RL:  I beat Quarry, he got the decision.  He had just signed a contract with the Garden.  I know I beat him; I have the tape and watch it all the time. But that's boxing; there are always two sides to the game.

SM:  Jimmy Young beat you twice, in 1975 and 1976, why was he so difficult for you?

RL:  I thought I beat him both times, I'll leave it at that.

SM:  Anything you would have done differently in the Ali fight?

RL:  I mean what could I have done differently, I won ten of eleven rounds!  The referee never gave me a mandatory eight count, that's what my rulebook says he has to do.

SM:  Everyone I have ever interviewed who fought Earnie Shavers says he was the hardest puncher ever, your take?

RL:  Absolutely, that dude could punch, man.

SM:  You fought until 1980, losing to Gerry Cooney in one round, and then retired for fourteen years.  What did you do during this time?

RL:  I enjoyed my life.  I was living in Las Vegas and was involved in boxing, training kids and such.

SM:  Why the comeback in 1995 after fourteen years?

RL:  Just to see.  All fighters like to know if they can still do it.  I'm not the only one.  That was just a personal fight.  And once you see that you can get by and make some money or get a title shot, you'll do it.

SM:  You had some success knocking out all your four opponents and then hung it up again, why?

RL:  Well I wanted to fight George Foreman and they said Ron who?  They forgot who I was so I said there was no use wasting my time.
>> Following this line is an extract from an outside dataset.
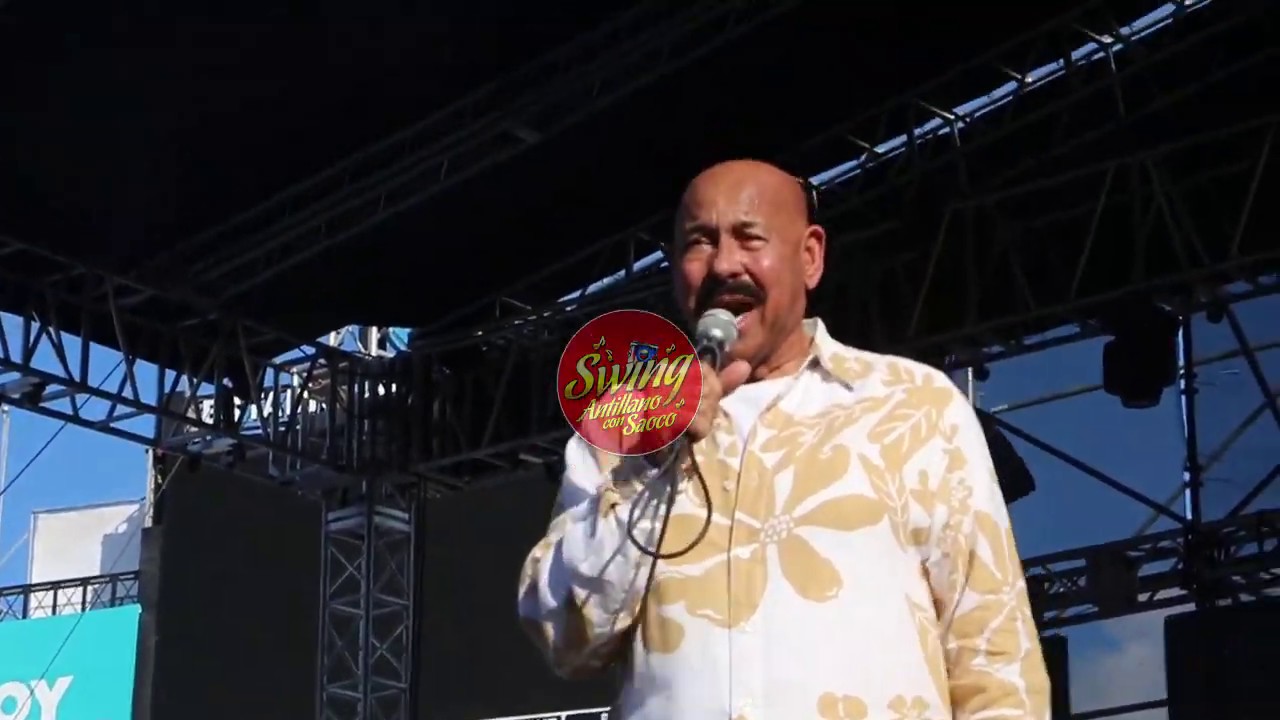 Ensayo Oscar de León Antesala al Día Nacional de la Salsa en Puerto Rico 2020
If I couldn’t get a shot at the big money then I was just wasting my time.

SM:  Toughest opponent, Foreman, Shavers, who?

RL:  Without a doubt Earnie Shavers.  That's the guy that made me get off the ground.
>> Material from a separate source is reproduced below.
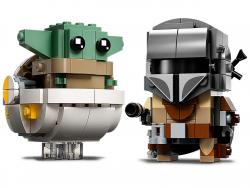 LEGO LEGO® Star Wars™ 75317 Mandalorian a dieťa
SM:  Which fight are you most proud of?

RL:  All of them and I always gave my best.

SM:  You still follow boxing today?

RL:  Yea, I train fighters so I keep up on it.  I train amateurs and pros here in Denver.

SM:  Any thoughts on the heavyweight division today?

RL:  You know it's as strong I guess as it has been in years. You got all those fighters from Europe that are pretty good.

SM:  How do they compare to your era?

RL:  You know I never like to compare yesterday to today because those guys learned from yesterday.  We learned from Liston and those guys, so I just don’t like to compare fighters because times are different, the reasons for fighting are a lot different.  It's all about the money now. When I fought it was all about getting respect from your peers.

SM:  Any fighters you wanted to fight but didn’t get a shot to?

RL:  I wanted to fight anybody that was ahead of me, I didn’t care who it was.  If you were ahead of me I wanted to fight you.  If you had the title I wanted to fight you.

SM:  Final thoughts Ron?

RL:  None really, but if I had to do my life over again I would do it exactly the same way.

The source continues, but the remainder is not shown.